The Role of Neutrophil Extracellular Traps in Periodontitis.

Front Cell Infect Microbiol 2021 18;11:639144. Epub 2021 Mar 18.

State Key Laboratory of Oral Diseases, West China Hospital of Stomatology, National Clinical Research Center for Oral Diseases, Sichuan University, Chengdu, China.

Periodontitis is a chronic, destructive disease of periodontal tissues caused by multifaceted, dynamic interactions. Periodontal bacteria and host immunity jointly contribute to the pathological processes of the disease. The dysbiotic microbial communities elicit an excessive immune response, mainly by polymorphonuclear neutrophils (PMNs). As one of the main mechanisms of PMN immune response in the oral cavity, neutrophil extracellular traps (NETs) play a crucial role in the initiation and progression of late-onset periodontitis. NETs are generated and released by neutrophils stimulated by various irritants, such as pathogens, host-derived mediators, and drugs. Chromatin and proteins are the main components of NETs. Depending on the characteristics of the processes, three main pathways of NET formation have been described. NETs can trap and kill pathogens by increased expression of antibacterial components and identifying and trapping bacteria to restrict their spread. Moreover, NETs can promote and reduce inflammation, inflicting injuries on the tissues during the pro-inflammation process.
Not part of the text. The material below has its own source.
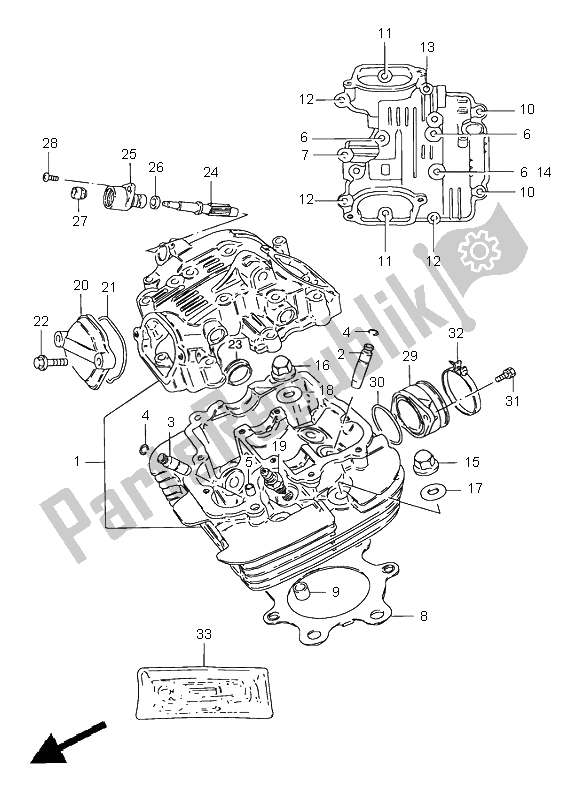 Toutes les pièces pour le Culasse du Suzuki GN 250E 1996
During their long-term encounter with NETs, periodontal bacteria have developed various mechanisms, including breaking down DNA of NETs, degrading antibacterial proteins, and impacting NET levels in the pocket environment to resist the antibacterial function of NETs. In addition, periodontal pathogens can secrete pro-inflammatory factors to perpetuate the inflammatory environment and a friendly growth environment, which are responsible for the progressive tissue damage. By learning the strategies of pathogens, regulating the periodontal concentration of NETs becomes possible. Some practical ways to treat late-onset periodontitis are reducing the concentration of NETs, administering anti-inflammatory therapy, and prescribing broad-spectrum and specific antibacterial agents. This review mainly focuses on the mechanism of NETs, pathogenesis of periodontitis, and potential therapeutic approaches based on interactions between NETs and periodontal pathogens.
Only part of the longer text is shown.